Из письма, посланного протопопом Буличем из Миргорода, можно было понять, что Исакович в Миргороде в доме Ракича прячет молоденькую красавицу Теклу Деспотович, с которой он живет и на которой собирается жениться, но можно было понять и то, что Павел живет в прошлом.
«Часами рассказывает, — пишет протопоп, — о жизни семейства Исаковичей, которая началась в Сербии, а закончится тут, в России. Десятилетним ребенком он беззаботно жил под Цером. В пятнадцать лет — в Белграде. А в двадцать четыре года видел, как горят Црна-Бара и Цер. Как земляки уходили в Срем. Как из Срема он двинулся на войну, которая увела его в далекий Пьемонт и Голландию. В то время ему исполнилось тридцать.
Исаковичи вечно кочевали. Никогда не были счастливы. Весну, лето, осень и зиму неизменно встречали в новом месте, вечно бродили в мокрых штанах, хоть раков и не ловили.
А сейчас зимние вечера тянутся так медленно…»
Протопоп не написал о том, что все жители в окрестностях Миргорода и Бахмута вскоре стали Павлу близкими, словно были его соплеменники. Русский крестьянский люд представлялся Павлу таким же, как и его махалчане. И акации были одинаковые.
У него появилось странное ощущение, словно он будет жить в России вечно.
Он был еще слишком молод, чтобы думать о смерти, но ему казалось, что до приезда в Бахмут он уже прожил одну жизнь и сейчас началась новая, причем с самого начала.
В бумагах Витковича встречается упоминание о том, что Исакович продолжал писать в Санкт-Петербургскую Военную Коллегию.
А в Санкт-Петербурге тем временем читали примерные списки генерала Хорвата де Куртича, который на бумаге уже создал один македонский и один болгарский гусарский полк, а сейчас формировал пехотный.
Зимой 1753 года в Санкт-Петербурге завели моду заглядывать в будущее. Для этого употреблялись большие хрустальные шары.
Астрологи, хироманты и свободные каменщики были в почете.
Императрица же, которую Павел так хотел увидеть, чтобы растолковать ей просьбы сербов, в ту зиму особенно веселилась. Она была полна жизни.
Елисавете Петровне, императрице всея Руси, в ту зиму исполнилось сорок четыре года, но она любила балы, заканчивавшиеся на рассвете. Она и граф Разумовский в ту зиму дали в столице несколько больших балов. Дворец, находившийся в Санкт-Петербурге поблизости от каземата, был празднично освещен. Как в зимней сказке. Без конца чередовались маскарады, фейерверки, иллюминации, давались оперные и комедийные представления, концерты. Ставились французские пьесы и итальянские фарсы.
Царица была прекрасна, как никогда.
А Исакович тем временем жил в занесенном снегом углу, без всякой надежды когда-нибудь ее увидеть.
Дочь Петра Великого была статной полногрудой женщиной с округлым красивым лицом и большими глазами. Если верить современникам, брови у нее были большие и густые. В волосах она носила бриллианты. И орден с лентой — через плечо. Под маленьким очаровательным подбородком и на руке носила обычно черную бархотку.
И хотя императрица Елисавета дала нескольким сербским офицерам аудиенцию, комедиант-случай захотел, чтобы ни один Исакович не увидел ее воочию. Павел лицезрел «императрицу» только в той глупой офицерской шутке.

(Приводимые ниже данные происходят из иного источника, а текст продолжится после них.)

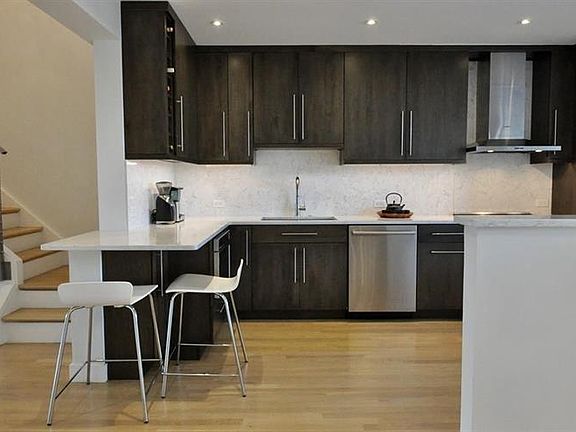 3rd image of 27 9th St #27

Он внимал каждому сказанному о ней слову, всему, что Анна и Варвара слышали от жен русских и пересказывали дома, но все сводилось лишь к тому, что у царицы красивый цвет лица и красивые ноги.

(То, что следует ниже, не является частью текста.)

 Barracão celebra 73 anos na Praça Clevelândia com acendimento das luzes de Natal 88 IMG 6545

Никто не смел говорить ни о сжигавшем эту женщину сладострастии, ни о ее любовниках, ни о переодевании в мужской костюм французского мушкетера, голландского матроса, казачьего гетмана. И лишь порой шептались о том, как на балах по ее приказу мужчины облачались в женскую одежду, а женщины — в мужскую. Наиболее экстравагантной, если верить истории, была княгиня Румянцева.